Provided material Start Marker
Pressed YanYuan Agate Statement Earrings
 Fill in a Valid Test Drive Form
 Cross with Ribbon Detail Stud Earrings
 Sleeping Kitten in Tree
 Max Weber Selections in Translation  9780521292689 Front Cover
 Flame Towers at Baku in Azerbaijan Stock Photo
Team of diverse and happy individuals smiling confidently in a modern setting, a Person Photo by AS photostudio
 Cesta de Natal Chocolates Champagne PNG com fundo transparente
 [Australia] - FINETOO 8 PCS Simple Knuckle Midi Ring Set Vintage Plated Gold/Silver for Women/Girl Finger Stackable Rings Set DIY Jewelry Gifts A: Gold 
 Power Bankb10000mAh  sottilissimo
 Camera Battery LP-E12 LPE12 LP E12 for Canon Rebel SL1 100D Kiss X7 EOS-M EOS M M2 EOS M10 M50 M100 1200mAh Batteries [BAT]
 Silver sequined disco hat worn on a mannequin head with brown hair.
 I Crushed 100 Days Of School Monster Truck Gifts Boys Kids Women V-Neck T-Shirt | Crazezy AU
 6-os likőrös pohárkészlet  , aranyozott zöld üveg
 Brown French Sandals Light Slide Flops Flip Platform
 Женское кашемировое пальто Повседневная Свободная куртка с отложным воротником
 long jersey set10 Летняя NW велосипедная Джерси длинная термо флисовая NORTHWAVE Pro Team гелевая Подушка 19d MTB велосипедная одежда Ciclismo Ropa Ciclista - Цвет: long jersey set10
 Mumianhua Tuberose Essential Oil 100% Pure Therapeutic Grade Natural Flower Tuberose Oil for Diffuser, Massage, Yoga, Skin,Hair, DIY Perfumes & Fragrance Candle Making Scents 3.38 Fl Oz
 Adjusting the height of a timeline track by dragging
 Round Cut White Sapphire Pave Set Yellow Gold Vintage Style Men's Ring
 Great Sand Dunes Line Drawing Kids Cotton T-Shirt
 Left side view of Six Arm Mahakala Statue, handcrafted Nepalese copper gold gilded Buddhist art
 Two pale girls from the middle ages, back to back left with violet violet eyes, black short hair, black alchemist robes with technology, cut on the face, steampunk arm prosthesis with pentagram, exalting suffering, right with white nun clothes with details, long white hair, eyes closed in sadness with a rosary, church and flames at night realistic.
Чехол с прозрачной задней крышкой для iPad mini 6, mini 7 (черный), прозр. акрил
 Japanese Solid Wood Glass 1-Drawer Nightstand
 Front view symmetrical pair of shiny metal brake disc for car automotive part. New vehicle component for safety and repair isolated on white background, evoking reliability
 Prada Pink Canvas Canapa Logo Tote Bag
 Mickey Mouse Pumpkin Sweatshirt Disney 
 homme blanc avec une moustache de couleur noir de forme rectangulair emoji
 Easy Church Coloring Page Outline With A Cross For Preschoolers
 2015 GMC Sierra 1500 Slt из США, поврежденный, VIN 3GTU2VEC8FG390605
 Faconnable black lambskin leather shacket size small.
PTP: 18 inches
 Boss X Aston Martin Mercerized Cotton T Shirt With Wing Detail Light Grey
Provided material End Marker
* **Problem to solve**: An exact copy of the lines above, from the one containing "Cesta de Natal" through the one containing "long jersey set10 Летняя", is the whole of the answer.

* **Solution below**:
 Cesta de Natal Chocolates Champagne PNG com fundo transparente
 [Australia] - FINETOO 8 PCS Simple Knuckle Midi Ring Set Vintage Plated Gold/Silver for Women/Girl Finger Stackable Rings Set DIY Jewelry Gifts A: Gold 
 Power Bankb10000mAh  sottilissimo
 Camera Battery LP-E12 LPE12 LP E12 for Canon Rebel SL1 100D Kiss X7 EOS-M EOS M M2 EOS M10 M50 M100 1200mAh Batteries [BAT]
 Silver sequined disco hat worn on a mannequin head with brown hair.
 I Crushed 100 Days Of School Monster Truck Gifts Boys Kids Women V-Neck T-Shirt | Crazezy AU
 6-os likőrös pohárkészlet  , aranyozott zöld üveg
 Brown French Sandals Light Slide Flops Flip Platform
 Женское кашемировое пальто Повседневная Свободная куртка с отложным воротником
 long jersey set10 Летняя NW велосипедная Джерси длинная термо флисовая NORTHWAVE Pro Team гелевая Подушка 19d MTB велосипедная одежда Ciclismo Ropa Ciclista - Цвет: long jersey set10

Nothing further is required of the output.